Et puis aussi, une autre petite anecdote. On a créé ce spectacle il y a quelques temps déjà et j'ai une habitude : quand je crée une petite forme de spectacle, je le récite dans la cuisine de ma grand-mère, devant mes amis, parce que je me rends compte que, lorsqu’un spectacle est réussi dans la cuisine de ma grand-mère, souvent, il va être bien par la suite. C'est donc un bon test en quelque sorte. Donc, ce spectacle-là, il n’a pas vu le jour dans la cuisine de ma grand-mère, mais juste après qu'on l'ait donné sur la scène de l'Opéra-comique, on est allé le jouer dans la cuisine de ma grand-mère et c’était très sympa !
Personnellement, quels sont vos projets artistiques en cours ou à venir ?
Le mois de mai est particulièrement chargé. Le 2 mai j’ai donné mon spectacle Bingo, un loto musical avec mon trio vocal de Trio Musica Humana à l'Opéra de Nancy. Ensuite, j'ai préparé les chœurs et chanté pour un grand concert “Star Wars” qui a eu lieu au Grand Rex les 3 et 4 mai, ce qui était quand même assez rigolo. Après, il va y avoir Quichotte, donc à l'Opéra de Reims. Et ensuite on part au Théâtre de Caen pour le début de la tournée autour du spectacle Carmen, opéra-paysage itinérant de la compagnie Maurice et les autres, c’est-à-dire avec toute l'équipe de Don Quichotte qui y participe. Il y aura donc aussi Jean-Christophe Lanièce, Flore Merlin et à la mise en scène, Jeanne Desoubeaux.
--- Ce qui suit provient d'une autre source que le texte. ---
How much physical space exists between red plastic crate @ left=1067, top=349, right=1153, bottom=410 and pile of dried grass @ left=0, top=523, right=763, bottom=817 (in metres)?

Et après je crée le spectacle Les Deux Pêcheurs à l’Opéra de Compiègne les 21 et 22 mai prochains avec le baryton Romain Dayet, et de nouveau avec Flore Merlin au piano et Barbara Leliepvre au violoncelle. C'est un spectacle auquel je tiens beaucoup, qui est une adaptation très libre, sous la forme d’un théâtre musical, de l'opérette de Jacques Offenbach, Les Deux Pêcheurs, qui est un peu la continuité de cette recherche autour des “spectacles famille” qu'on a lancé avec ce Don Quichotte.
Avez-vous des conseils à donner pour les plus jeunes qui aspireraient à se lancer dans une carrière musicale ?
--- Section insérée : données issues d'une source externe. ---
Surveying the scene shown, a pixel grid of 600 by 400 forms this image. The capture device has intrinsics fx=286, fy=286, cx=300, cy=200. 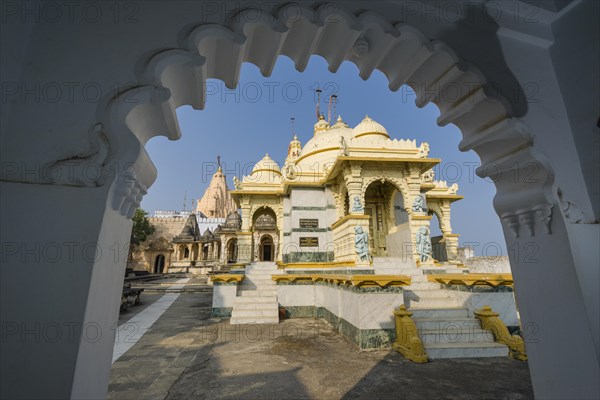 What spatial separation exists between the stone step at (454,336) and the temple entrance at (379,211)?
785 centimetres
Déjà le plus important c’est de chanter, c’est de continuer à faire de l’instrument, de ne pas hésiter à faire de la musique d’ensemble. Parce que parfois, quand on ne prend que des cours individuels ou qu'on s'enferme dans sa pratique personnelle, c'est toujours un peu délicat.
J'invite vraiment les plus jeunes à créer des groupes très tôt, à former des groupes de musique de chants, des duos, des trios ou bien des chœurs. Et aussi, à essayer plein de styles de musique différents. Moi, je me souviens quand j'étais musicien, vers la fin, ce qui m'avait aidé à continuer à jouer du trombone, c'était de faire partie d'un groupe de musique klezmer. Je me suis beaucoup amusé à le faire. Et je me suis dit : mais pourquoi je n'ai pas découvert ça avant car ça donne un rapport à son instrument vraiment différent.
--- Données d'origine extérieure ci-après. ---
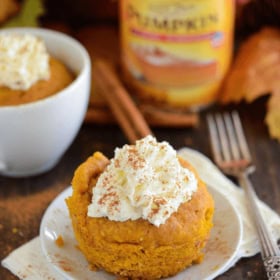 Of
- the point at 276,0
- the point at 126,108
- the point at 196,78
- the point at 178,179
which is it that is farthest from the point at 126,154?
the point at 276,0

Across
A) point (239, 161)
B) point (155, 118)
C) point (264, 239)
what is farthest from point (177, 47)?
point (264, 239)

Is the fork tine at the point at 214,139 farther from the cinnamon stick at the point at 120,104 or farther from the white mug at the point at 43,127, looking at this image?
the white mug at the point at 43,127

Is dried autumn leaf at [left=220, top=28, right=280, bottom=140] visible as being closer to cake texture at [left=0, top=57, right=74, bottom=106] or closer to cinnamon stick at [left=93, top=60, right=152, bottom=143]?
cinnamon stick at [left=93, top=60, right=152, bottom=143]

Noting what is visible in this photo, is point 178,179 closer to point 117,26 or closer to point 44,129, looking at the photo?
point 44,129

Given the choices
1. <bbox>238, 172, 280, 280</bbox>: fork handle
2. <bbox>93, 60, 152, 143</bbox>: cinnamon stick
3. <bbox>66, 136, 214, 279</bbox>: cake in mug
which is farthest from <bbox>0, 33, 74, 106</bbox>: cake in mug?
<bbox>238, 172, 280, 280</bbox>: fork handle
Et j'ajouterai : faire du théâtre aussi. Car même quand on est instrumentiste, le théâtre, ça ouvre plein de possibilités. Là je suis en lien avec l'Orchestre philarmonique de Radio France et il y a beaucoup de musiciens, même professionnels, qui veulent faire du théâtre. Et le théâtre musical commence vraiment à faire sa place dans la vie musicale française.